Task objective: From the listing below, retype exactly the line holding "Lọ hoa pha lê Tiệp Khắc màu hổ phách", the line holding "Round glossy icon of Guam Round", and the lines between them; skip everything else.

== Source records ==

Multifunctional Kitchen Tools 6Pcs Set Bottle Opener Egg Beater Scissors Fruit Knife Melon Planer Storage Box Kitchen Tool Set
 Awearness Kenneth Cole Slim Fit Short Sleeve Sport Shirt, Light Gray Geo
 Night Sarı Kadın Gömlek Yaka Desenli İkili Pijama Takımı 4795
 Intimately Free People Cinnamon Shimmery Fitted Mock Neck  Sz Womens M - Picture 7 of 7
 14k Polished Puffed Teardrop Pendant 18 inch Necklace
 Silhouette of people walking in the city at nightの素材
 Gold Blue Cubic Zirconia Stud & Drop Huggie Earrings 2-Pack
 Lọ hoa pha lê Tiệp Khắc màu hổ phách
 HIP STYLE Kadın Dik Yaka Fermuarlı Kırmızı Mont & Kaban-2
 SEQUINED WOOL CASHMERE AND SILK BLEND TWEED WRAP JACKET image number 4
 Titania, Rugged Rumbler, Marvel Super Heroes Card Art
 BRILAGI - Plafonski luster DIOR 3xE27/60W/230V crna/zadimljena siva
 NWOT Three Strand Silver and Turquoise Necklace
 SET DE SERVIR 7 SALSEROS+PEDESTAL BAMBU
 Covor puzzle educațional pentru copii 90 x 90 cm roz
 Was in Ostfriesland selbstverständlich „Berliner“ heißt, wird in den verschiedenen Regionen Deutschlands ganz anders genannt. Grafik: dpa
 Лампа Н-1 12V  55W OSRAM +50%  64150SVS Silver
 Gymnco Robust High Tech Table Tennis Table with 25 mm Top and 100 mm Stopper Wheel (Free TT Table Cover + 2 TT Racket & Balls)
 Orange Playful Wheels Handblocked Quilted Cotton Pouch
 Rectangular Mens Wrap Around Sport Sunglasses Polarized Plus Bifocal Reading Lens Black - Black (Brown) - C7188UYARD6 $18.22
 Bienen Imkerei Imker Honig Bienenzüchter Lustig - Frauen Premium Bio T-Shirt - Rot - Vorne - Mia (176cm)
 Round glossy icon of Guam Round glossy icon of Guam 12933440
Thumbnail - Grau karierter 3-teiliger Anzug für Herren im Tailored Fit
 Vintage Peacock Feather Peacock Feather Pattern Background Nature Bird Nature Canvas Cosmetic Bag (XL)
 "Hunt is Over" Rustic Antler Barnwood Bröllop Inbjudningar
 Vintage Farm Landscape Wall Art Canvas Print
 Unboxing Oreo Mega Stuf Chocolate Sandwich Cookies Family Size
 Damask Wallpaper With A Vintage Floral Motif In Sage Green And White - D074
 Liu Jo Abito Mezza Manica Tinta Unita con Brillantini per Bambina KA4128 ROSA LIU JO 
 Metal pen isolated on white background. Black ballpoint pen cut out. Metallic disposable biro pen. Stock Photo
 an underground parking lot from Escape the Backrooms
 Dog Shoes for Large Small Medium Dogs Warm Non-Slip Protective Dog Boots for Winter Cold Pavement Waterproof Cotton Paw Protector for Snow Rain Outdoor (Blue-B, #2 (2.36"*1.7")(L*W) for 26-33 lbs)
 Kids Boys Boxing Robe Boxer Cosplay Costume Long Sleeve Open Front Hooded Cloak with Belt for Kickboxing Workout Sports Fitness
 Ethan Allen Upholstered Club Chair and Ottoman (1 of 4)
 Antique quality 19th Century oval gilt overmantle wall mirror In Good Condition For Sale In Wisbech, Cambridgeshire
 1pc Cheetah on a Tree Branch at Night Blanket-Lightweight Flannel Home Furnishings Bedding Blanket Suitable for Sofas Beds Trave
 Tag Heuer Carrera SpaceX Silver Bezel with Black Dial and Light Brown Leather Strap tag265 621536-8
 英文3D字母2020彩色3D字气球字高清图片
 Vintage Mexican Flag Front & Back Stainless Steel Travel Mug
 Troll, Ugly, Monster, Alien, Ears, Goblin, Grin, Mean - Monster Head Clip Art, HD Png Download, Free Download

===

Answer to the problem:
 Lọ hoa pha lê Tiệp Khắc màu hổ phách
 HIP STYLE Kadın Dik Yaka Fermuarlı Kırmızı Mont & Kaban-2
 SEQUINED WOOL CASHMERE AND SILK BLEND TWEED WRAP JACKET image number 4
 Titania, Rugged Rumbler, Marvel Super Heroes Card Art
 BRILAGI - Plafonski luster DIOR 3xE27/60W/230V crna/zadimljena siva
 NWOT Three Strand Silver and Turquoise Necklace
 SET DE SERVIR 7 SALSEROS+PEDESTAL BAMBU
 Covor puzzle educațional pentru copii 90 x 90 cm roz
 Was in Ostfriesland selbstverständlich „Berliner“ heißt, wird in den verschiedenen Regionen Deutschlands ganz anders genannt. Grafik: dpa
 Лампа Н-1 12V  55W OSRAM +50%  64150SVS Silver
 Gymnco Robust High Tech Table Tennis Table with 25 mm Top and 100 mm Stopper Wheel (Free TT Table Cover + 2 TT Racket & Balls)
 Orange Playful Wheels Handblocked Quilted Cotton Pouch
 Rectangular Mens Wrap Around Sport Sunglasses Polarized Plus Bifocal Reading Lens Black - Black (Brown) - C7188UYARD6 $18.22
 Bienen Imkerei Imker Honig Bienenzüchter Lustig - Frauen Premium Bio T-Shirt - Rot - Vorne - Mia (176cm)
 Round glossy icon of Guam Round glossy icon of Guam 12933440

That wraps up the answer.